The fact that the entertainment sector within Australia has the worst mental health of any sector and the highest rate of suicide, is also something that we need to look at. Honestly, I think it’s productions, long-form in particular, who need to have a good look at themselves and go, “Okay, we do not need to do three hours overtime on a Friday night. Friday nights, you go home to your family. You go home to your partner. You go home to your tennis team or whatever the hell it is.”
Angela: I would love to see a production company in Australia step up to that. Not only would it be immense for their marketing and PR, but to actually trail blaze and be the instigator for real change in working conditions.
There’s an organisation in LA and New York called Moms in Film, and their goal is to advocate and lobby for parents in the film industry for shorter working hours and innovative solutions like job sharing. They’re particularly passionate about
below-the-line crew because sometimes on a big job there might be a crèche, or a nanny for the director but below-the line-crew get left behind.
Do you think this is something that could realistically work in Australia?
Sky: US working hours are way worse than ours; their standard day is 12 hours. The context of that is really important in the discussion. In Australia, the ten-hour day plus lunch is what we need. If we try to shorten it anymore, we won’t attract any international projects.
If I had my six year old on set, I’d be way too distracted. I need to know that I’d approved the person that was looking after her and that she has a continuity of care – which is why we went with au pairs as well. For me, that model of having a crèche /nanny for wouldn’t work.
I have done job-sharing though.
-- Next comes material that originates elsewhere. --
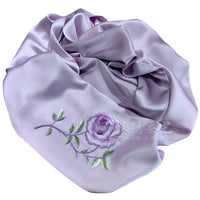 Su Embroidery Silk Long Scarf, Suzhou Gift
Katie Milwright ACS and I have job-shared documentaries. It wasn’t so much to do with parenthood; it was more about it being a low budget documentary so if one of us got a commercial, the other one would step in to the documentary. That is something very much active within the industry. Productions should 100 per cent get on board with it.
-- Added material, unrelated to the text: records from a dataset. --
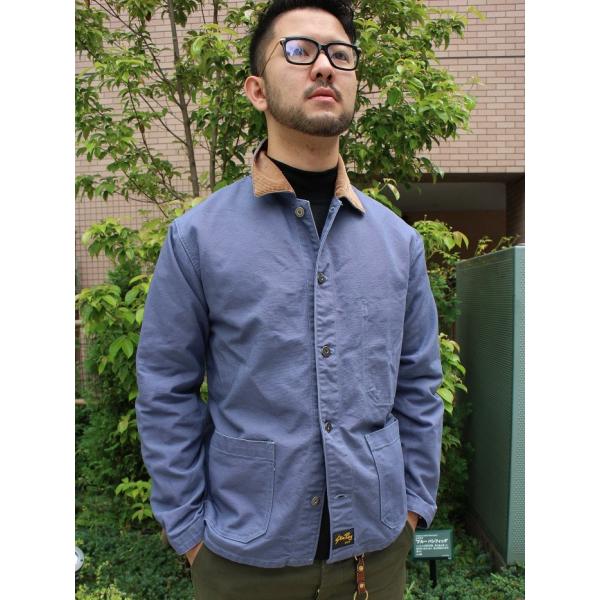 スタンレー STAN RAY / アーカイブ ジャケット archive jacket (COLOR...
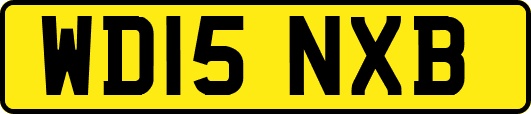 WD15NXB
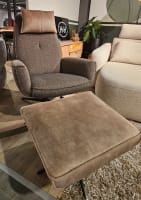 Salerno fauteuil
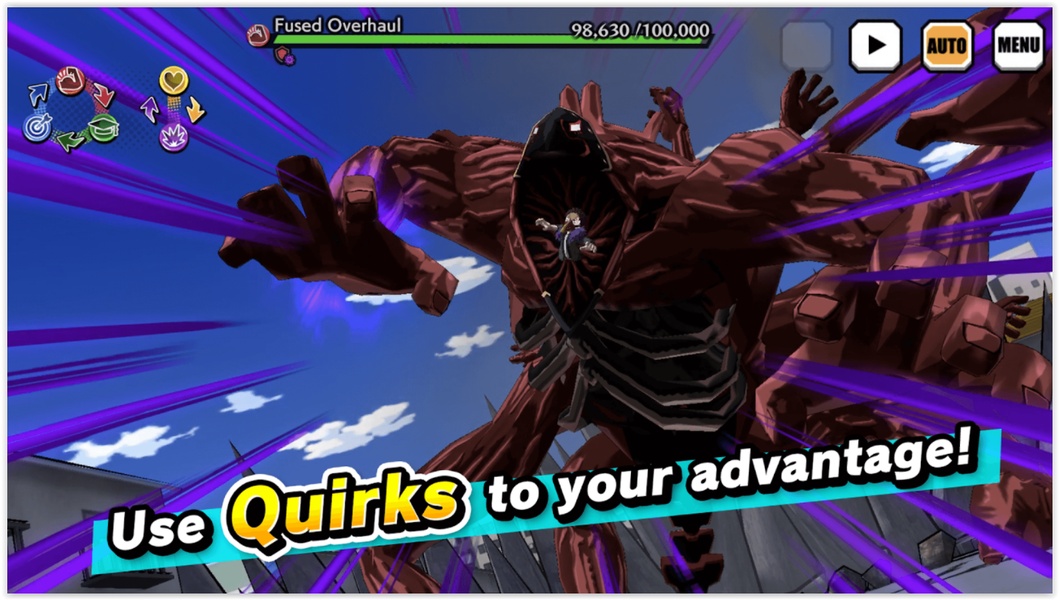 My Hero Ultra Impact - Preview 5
Tania: On long-form series, the US model divides up the shoot between two DOPs. Maybe if you apply that model across the board, job sharing could totally work.
I’m about to shoot day/nights for a feature film. I’m not going to get home for bedtime at all for the next five weeks. That’s difficult. I think it’s about stricter hours around overtime. There’s pressure surrounding overtime in this industry. The 1st AD kind of mentions it a couple hours beforehand. There’s almost a group pressure of who’s going to say something or who’s not. Some crews are better at putting their foot down than others.
Hailey: I’ve got editors who are about to start having children and they’re on that cusp of, “Do I? Don’t I?”. I am going to make as much effort as possible to get these women back to work. Maybe it’ll take them twice as long on the editor job but I feel like it’s important to keep these talented, amazing women in the industry and not make their career have to suffer.
Sky: I actually was very quiet about having had a child, for fear of losing work, for the first two to three years of Pixie’s life. If I had met a new director, I just wouldn’t tell them because I was so concerned that it would mean they’d be like, “No, don’t… she’s got a young child, don’t worry about it.” But now I’m just like, “This is ridiculous. This is insane.”
What would your advice to people thinking about having kids and working in this industry?
Hailey: Pick your partner well.
Tania: There is never a good time. Don’t think that your whole life isn’t going to change because it is. Don’t try to make plans about what it’s going to be when that happens because I swear, whatever you think it’s going to be, it’s going to be the total opposite.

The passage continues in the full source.